== RECORDS SUPPLIED ==

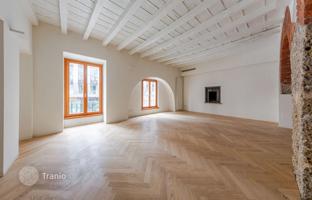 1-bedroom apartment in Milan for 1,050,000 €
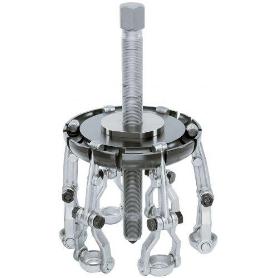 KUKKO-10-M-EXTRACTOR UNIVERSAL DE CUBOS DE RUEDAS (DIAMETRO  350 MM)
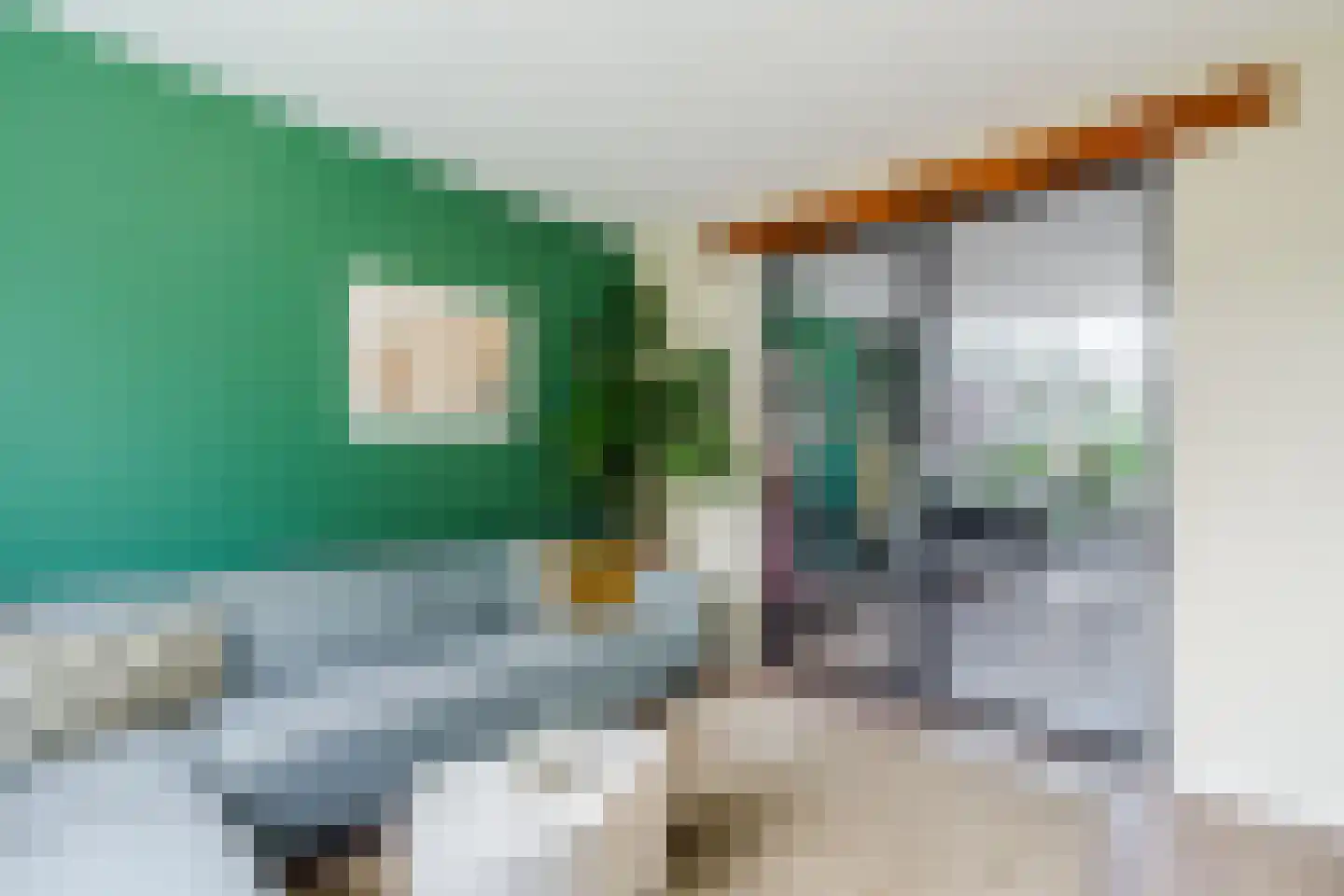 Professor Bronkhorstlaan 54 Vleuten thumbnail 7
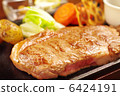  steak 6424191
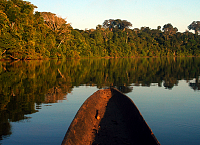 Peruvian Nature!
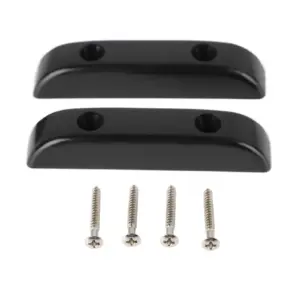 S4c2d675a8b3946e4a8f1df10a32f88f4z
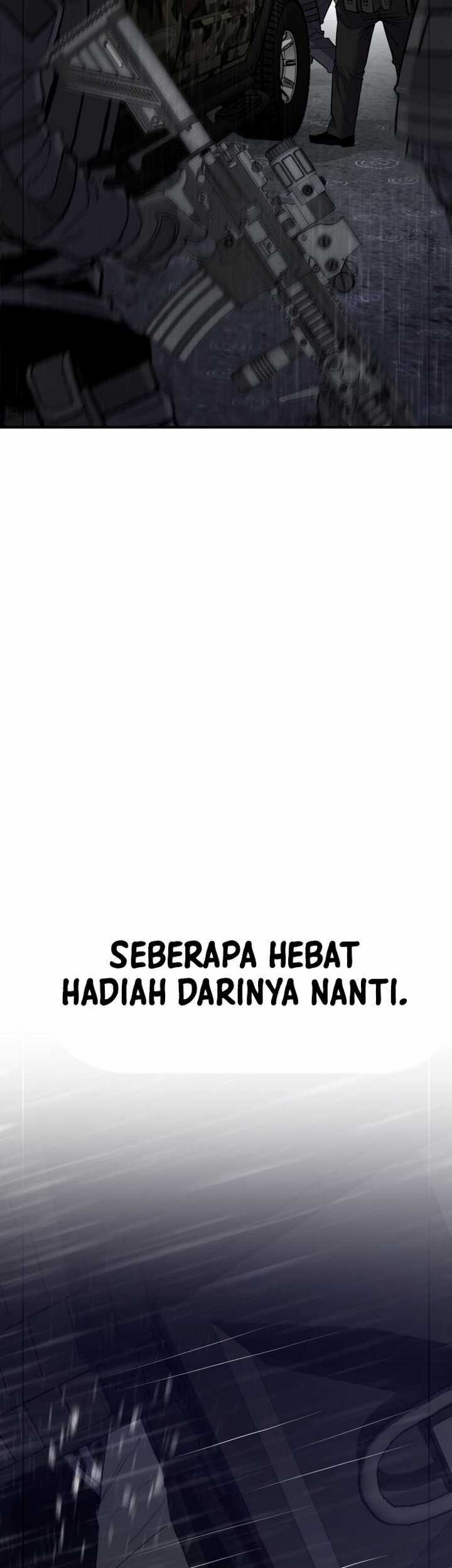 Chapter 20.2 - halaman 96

===

▸ **WORK REQUEST**: Word for word, repeat the material above and drop the pictures.

▸ **EXERCISE RESPONSE**:
 1-bedroom apartment in Milan for 1,050,000 €
 KUKKO-10-M-EXTRACTOR UNIVERSAL DE CUBOS DE RUEDAS (DIAMETRO  350 MM)
 Professor Bronkhorstlaan 54 Vleuten thumbnail 7
  steak 6424191
 Peruvian Nature!
 S4c2d675a8b3946e4a8f1df10a32f88f4z
 Chapter 20.2 - halaman 96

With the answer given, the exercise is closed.